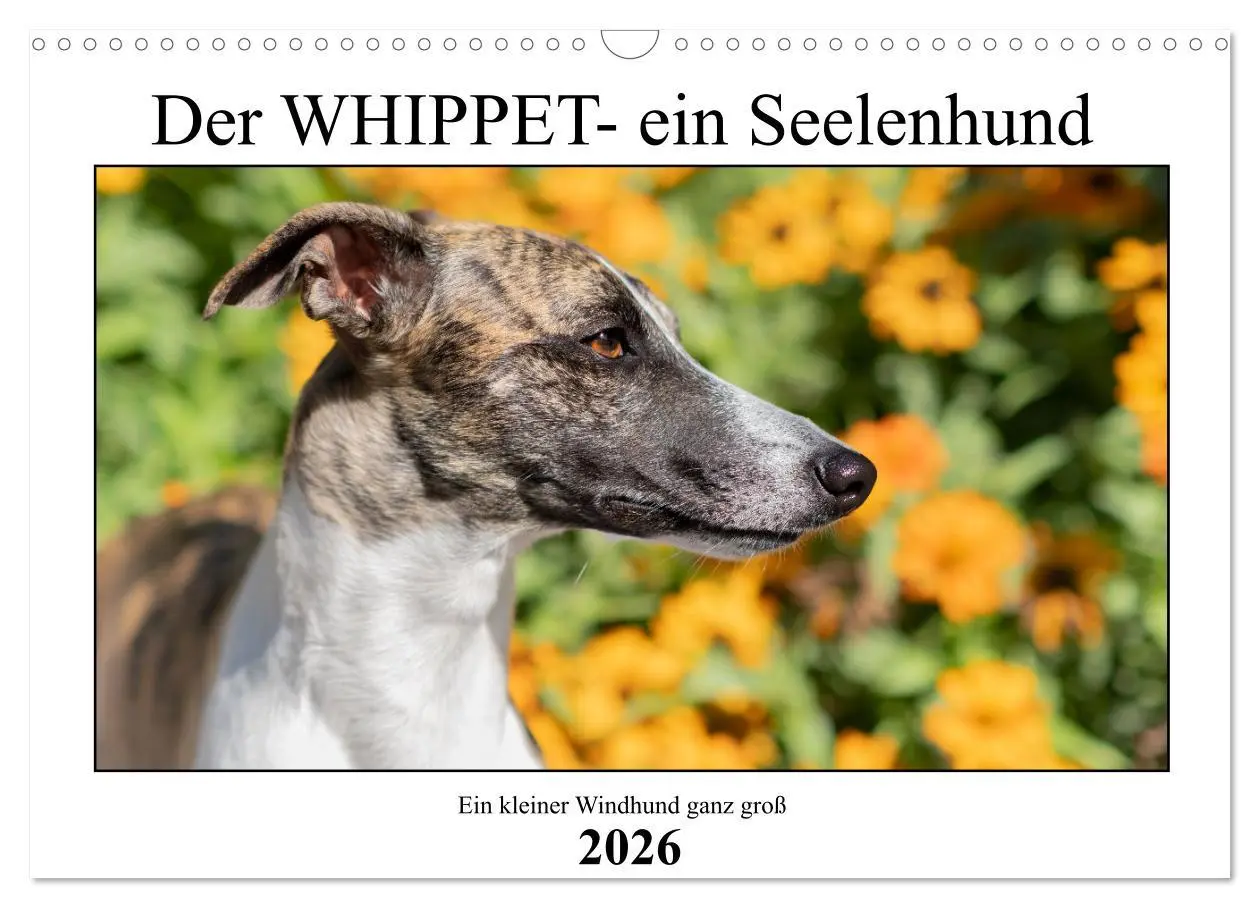 Cover: 9783457422038 | Der Whippet - ein Seelenhund (Wandkalender 2026 DIN A3 quer),...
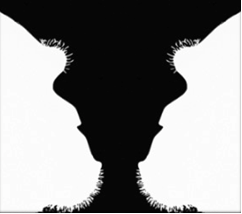 VISUAL ILLUSIONS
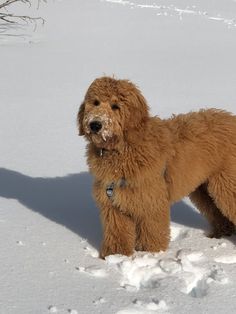 a brown dog standing in the snow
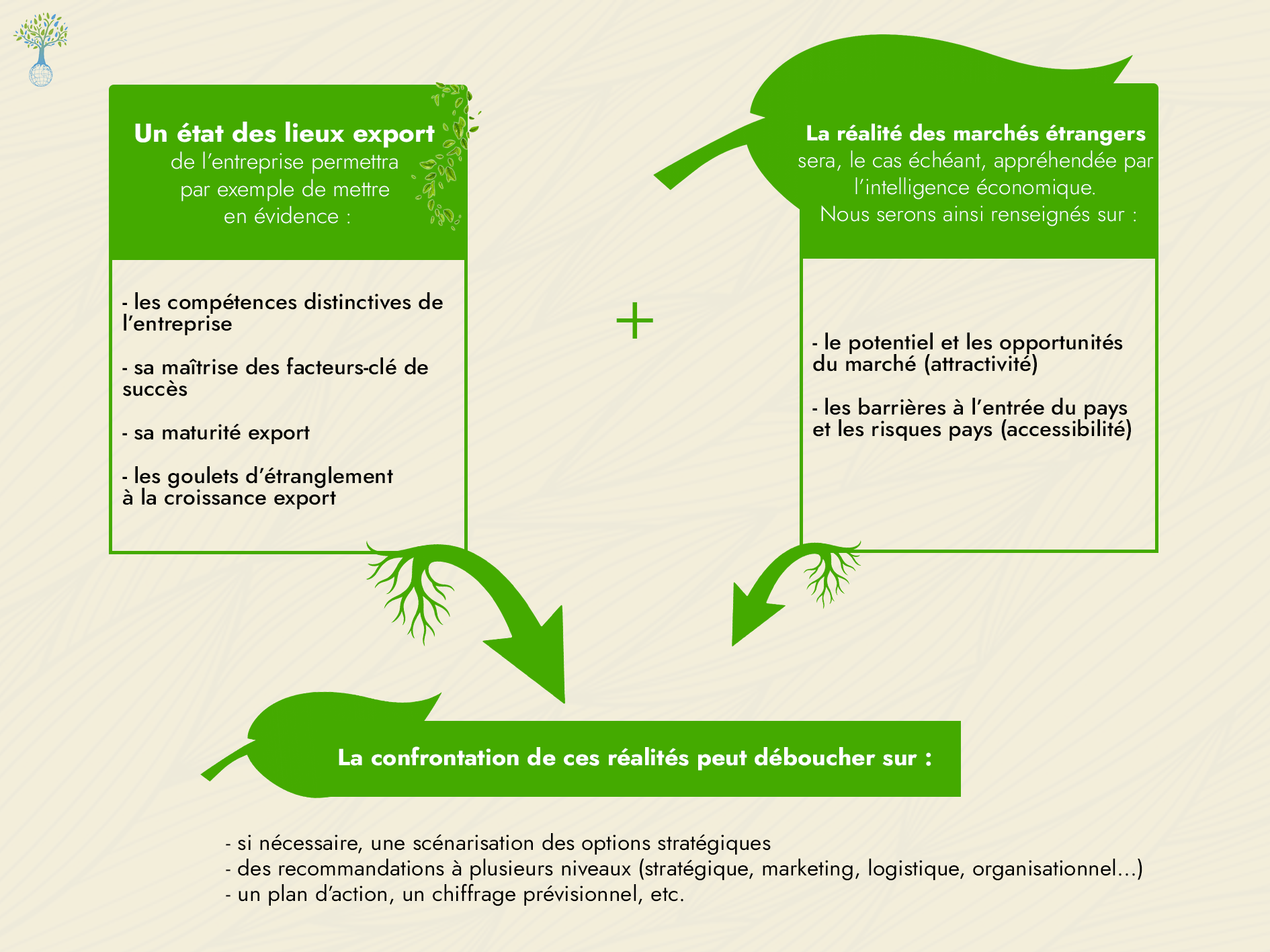 Conseil  & Due diligence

### ABOUT THIS TASK
Skip all pictures. Write out only the lines from the one containing "a brown dog standing in the snow" to the end of the listing above, inclusive, exactly as given.

### ANSWER TO THIS PROBLEM
 a brown dog standing in the snow
 Conseil  & Due diligence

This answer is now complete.